Let me give an example.

Say we want to find the quadradic variation of f(t)=t on the interval [0,1]

So we partition the region (like in the Riemann integral), I am going to be using left-endpoints because that is what they (Wikipedia) use.

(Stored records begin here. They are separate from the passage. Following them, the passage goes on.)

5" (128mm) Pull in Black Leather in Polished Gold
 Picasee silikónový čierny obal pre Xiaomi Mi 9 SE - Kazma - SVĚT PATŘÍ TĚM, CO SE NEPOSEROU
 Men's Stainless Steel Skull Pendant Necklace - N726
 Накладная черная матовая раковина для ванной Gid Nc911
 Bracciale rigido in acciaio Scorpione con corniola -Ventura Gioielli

Thus, divide the region into "n" parts. Each part has 1/n width.

The initial value is

x_0=0

x_1=0+1/n

x_2=0+1/n+1/n

x_3=0+1/n+1/n+1/n

...

You get the idea.

Thus,

x_k = k/n

Where 0<=k<=n-1

(Because of left-endpoints).

Now,

[f(x_1)-f(x_0)]^2=(1/n-0/n)^2=1/n^2

[f(x_2)-f(x_1)]^2=(2/n-1/n)^2=1/n^2

[f(x_3)-f(x_2)]^2=(3/n-2/n)^2=1/n^2

...

[f(x_{n-1}-f_{n-2}]^2=[(n-1)/n-(n-2)/n]^2=1/n^2

Now, we sum them up,

<f>_1 = SUM (of that whole thing) = 1/n^2+1/n^2+...+1/n^2=(n-1)/n^2

Now, we take the limit as n --> infinity.

This clearly goes to zero.

Thus, the quadradic variation of f(t)=t of 1 (meaning on interval [0,1]) is zero.

Now, they mention an interesting theorem.

If f(t) is differenciable, then its quadradic variation is zero.

Precisely what we got, zero.

I hope this helps somehow.